Members of the Irish Farmers Association’s Pig Committee met Agriculture Minister Charlie McConalogue this evening to discuss the future of the pig sector.
The meeting took place at the House of Agriculture on Kildare Street.
A number of pig farmers demanding a bailout for their sector continued their protest outside the building, demanding a €100m bailout for the sector.
Farmers say they suffer losses of thousands of euros every week, due to massive increases in the cost of animal feed coupled with prices well below production costs.
Speaking at the protest, IFA Pigs chairman Roy Gallie said the situation couldn’t be more difficult.
“We are caught in a devastating price/cost squeeze. Some breeders have already slaughtered breeding sows and others are suspending production. They cannot produce with losses of more than €50 per pig and increasing.
The proposal they have submitted to the government, agreed between the IFA, grain traders and the meat industry, would see public funding of €100m go to the sector, of which €50m would be repaid by pig farmers over 14 years.
About 300 farmers have lost an average of €56,000 a month each since last September, due to rising feed and energy costs and low pork prices.
These losses are expected to climb to €71,000 next week when feed prices rise again. Feeding costs represent 76% of the cost of production.
As a result, 18 farmers have already decided to leave the area and the slaughter of animals has started.
Out of 10,000 sows initially intended for slaughter, thousands have already been sent to factories for slaughter.

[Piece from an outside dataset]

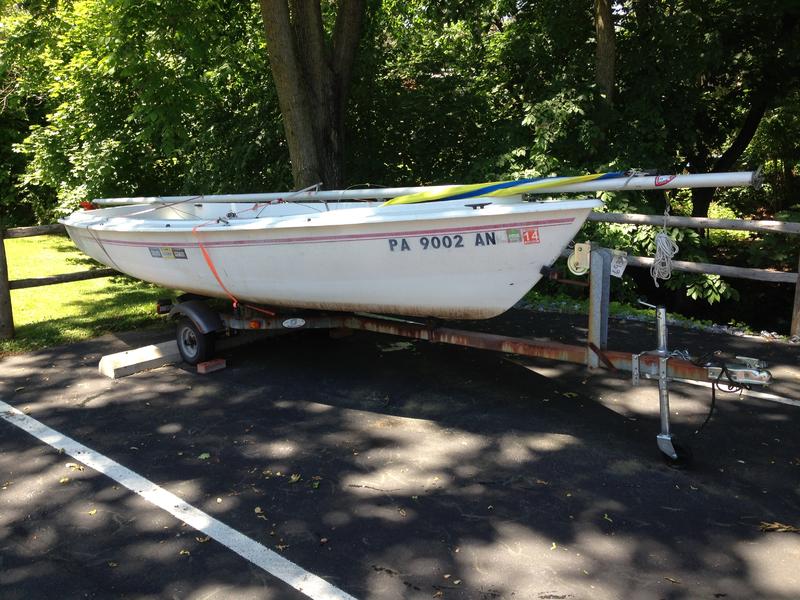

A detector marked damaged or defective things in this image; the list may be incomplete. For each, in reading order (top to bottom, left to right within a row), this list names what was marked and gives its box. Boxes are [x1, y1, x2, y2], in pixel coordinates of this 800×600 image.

rusty boat trailer [166, 296, 772, 464]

Farmers now plan to send an additional 11,000 sows to factories.
Analysis by Teagasc, the research and development agency for the agricultural sector, shows that farmers are currently paid €1.40 per kg, but would need to get €2.20 to break even.
As things stand, they lose between €40 and €50 per pig. Teagasc also estimates that 69 on-farm jobs are lost per 10,000 sows, with many other downstream jobs also at risk.

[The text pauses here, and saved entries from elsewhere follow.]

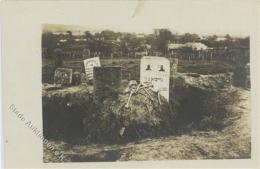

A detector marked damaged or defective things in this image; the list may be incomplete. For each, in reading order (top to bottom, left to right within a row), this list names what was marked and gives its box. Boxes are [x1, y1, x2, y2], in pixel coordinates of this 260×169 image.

damaged headstone [53, 67, 72, 86]
damaged headstone [83, 56, 100, 80]
damaged headstone [93, 66, 122, 103]
damaged headstone [140, 56, 171, 101]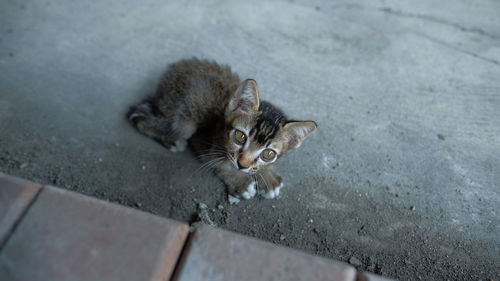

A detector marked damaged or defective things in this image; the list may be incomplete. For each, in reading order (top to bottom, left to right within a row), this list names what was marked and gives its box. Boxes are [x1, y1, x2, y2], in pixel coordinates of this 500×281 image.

crack in concrete [378, 7, 496, 41]
crack in concrete [410, 31, 500, 66]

A number of international factors have caused the current crisis. China’s lucrative export market is importing less pork after it restored a level of self-sufficiency following the slaughter of tens of millions of pigs due to an outbreak.
At the same time, the disease in some continental countries means that their pork products cannot be sold outside the EU. The result is market oversaturation and international prices have fallen.
Ireland exports 73% of the pork produced here, for an amount of 944 million euros. The remaining pork is consumed in the Irish market, where consumers have benefited from lower prices over the past year.
Minister McConalogue spoke to protesters outside his ministry this afternoon. He said his officials were evaluating the proposals but he had made no decision on them.
Previously, the Minister had said he was perfectly aware of the issues in the sector and had recently granted the sector 7 million euros, or around 20,000 euros per farmer, to reduce production costs.
“Payments have started flowing to farming families and further payments have been made this week. This is an urgent short-term response to help producers who would be viable in the absence of the dire circumstances. and leave room for a more medium-term adjustment to market signals,” the minister said.
He added that he instructed state bodies Teagasc and Bord Bia to step up their advisory and promotional efforts and also met with banks to discuss the situation.
Minister McConalogue also said they were working at national and European level to support the sector through this current serious challenge.